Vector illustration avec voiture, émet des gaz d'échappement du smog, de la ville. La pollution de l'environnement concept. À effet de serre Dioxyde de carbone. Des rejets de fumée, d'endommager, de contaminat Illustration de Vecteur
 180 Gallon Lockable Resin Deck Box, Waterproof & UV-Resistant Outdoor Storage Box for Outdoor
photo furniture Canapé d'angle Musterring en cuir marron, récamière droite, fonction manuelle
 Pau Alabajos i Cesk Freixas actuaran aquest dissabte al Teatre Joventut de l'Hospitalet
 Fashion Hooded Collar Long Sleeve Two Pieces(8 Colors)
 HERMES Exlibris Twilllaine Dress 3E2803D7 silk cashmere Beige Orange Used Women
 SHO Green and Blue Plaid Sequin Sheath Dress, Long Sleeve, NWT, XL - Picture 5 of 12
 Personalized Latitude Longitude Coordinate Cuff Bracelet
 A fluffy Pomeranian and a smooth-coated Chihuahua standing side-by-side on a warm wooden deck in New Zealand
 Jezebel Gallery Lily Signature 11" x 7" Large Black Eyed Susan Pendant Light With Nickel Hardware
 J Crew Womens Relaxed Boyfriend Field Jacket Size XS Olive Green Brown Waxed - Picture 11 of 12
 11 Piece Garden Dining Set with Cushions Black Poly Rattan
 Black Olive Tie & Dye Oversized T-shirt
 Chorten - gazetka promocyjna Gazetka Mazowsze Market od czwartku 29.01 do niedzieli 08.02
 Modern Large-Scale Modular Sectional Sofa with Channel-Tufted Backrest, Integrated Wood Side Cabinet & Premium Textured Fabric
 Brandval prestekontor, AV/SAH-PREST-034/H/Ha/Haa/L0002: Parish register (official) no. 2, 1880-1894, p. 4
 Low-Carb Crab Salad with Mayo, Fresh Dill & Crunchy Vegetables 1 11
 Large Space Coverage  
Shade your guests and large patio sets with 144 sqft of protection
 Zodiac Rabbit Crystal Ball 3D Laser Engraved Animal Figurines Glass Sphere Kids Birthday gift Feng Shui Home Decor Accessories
===
▶ _Try it_:
Could you return exactly the stretch of the data above that starts at the line with "Fashion Hooded Collar" and ends at the line with "Black Olive Tie & Dye Oversized T-shirt", both lines included?

▶ _Solution to this problem_:
 Fashion Hooded Collar Long Sleeve Two Pieces(8 Colors)
 HERMES Exlibris Twilllaine Dress 3E2803D7 silk cashmere Beige Orange Used Women
 SHO Green and Blue Plaid Sequin Sheath Dress, Long Sleeve, NWT, XL - Picture 5 of 12
 Personalized Latitude Longitude Coordinate Cuff Bracelet
 A fluffy Pomeranian and a smooth-coated Chihuahua standing side-by-side on a warm wooden deck in New Zealand
 Jezebel Gallery Lily Signature 11" x 7" Large Black Eyed Susan Pendant Light With Nickel Hardware
 J Crew Womens Relaxed Boyfriend Field Jacket Size XS Olive Green Brown Waxed - Picture 11 of 12
 11 Piece Garden Dining Set with Cushions Black Poly Rattan
 Black Olive Tie & Dye Oversized T-shirt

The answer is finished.